# The problem
Repeat the listing below verbatim, without its images.

# Given material
=-=-=-=-=

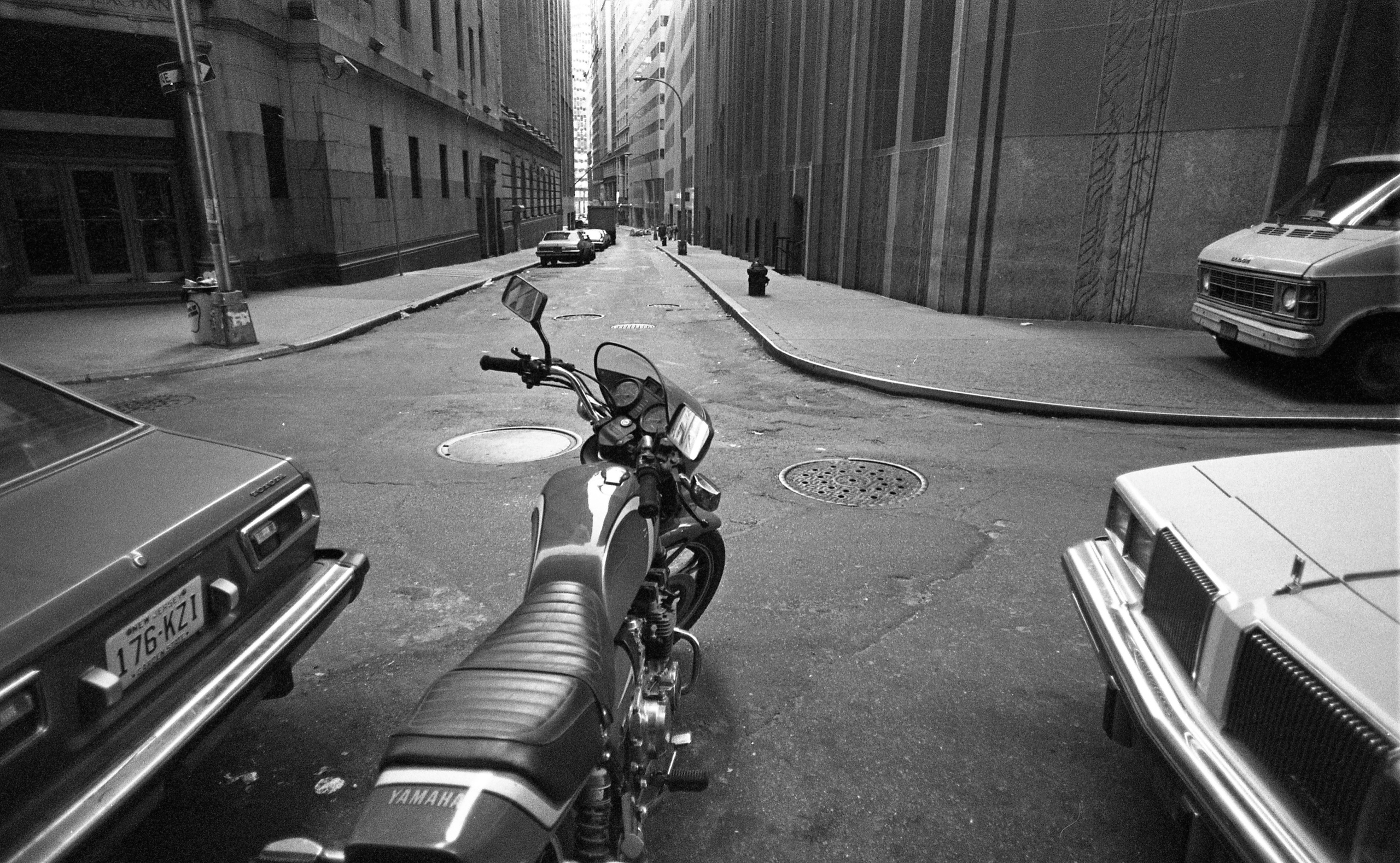 New York City — 1982-1984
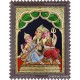 Durga Lakshmi Saraswathi Tanjore Painting Durga Lakshmi Saraswathi Tanjore Painting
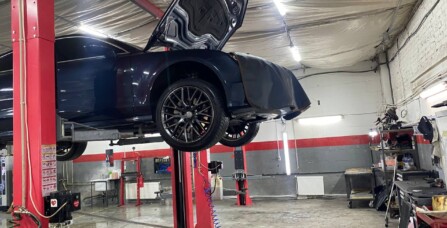 Діагностика двигуна на предмет сторонніх звуків Audi A7C7 3.0 TDI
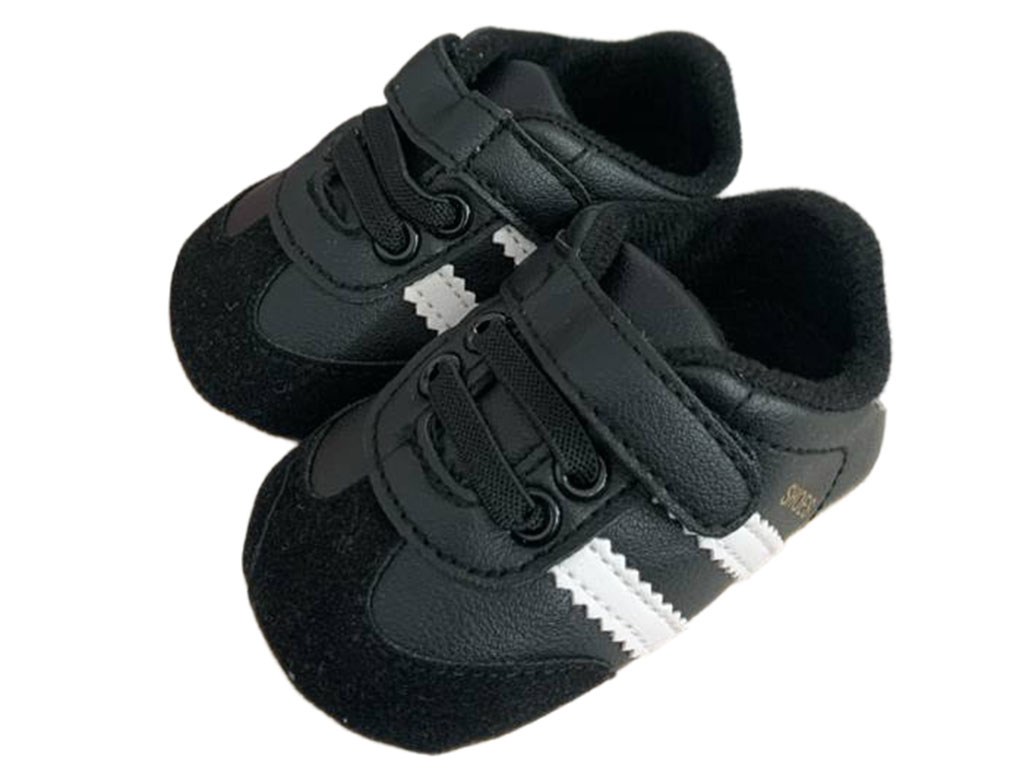 پاپوش استپ دار نوزادی رنگ مشکی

=-=-=-=-=

# Result of the task
 New York City — 1982-1984
 Durga Lakshmi Saraswathi Tanjore Painting Durga Lakshmi Saraswathi Tanjore Painting
 Діагностика двигуна на предмет сторонніх звуків Audi A7C7 3.0 TDI
 پاپوش استپ دار نوزادی رنگ مشکی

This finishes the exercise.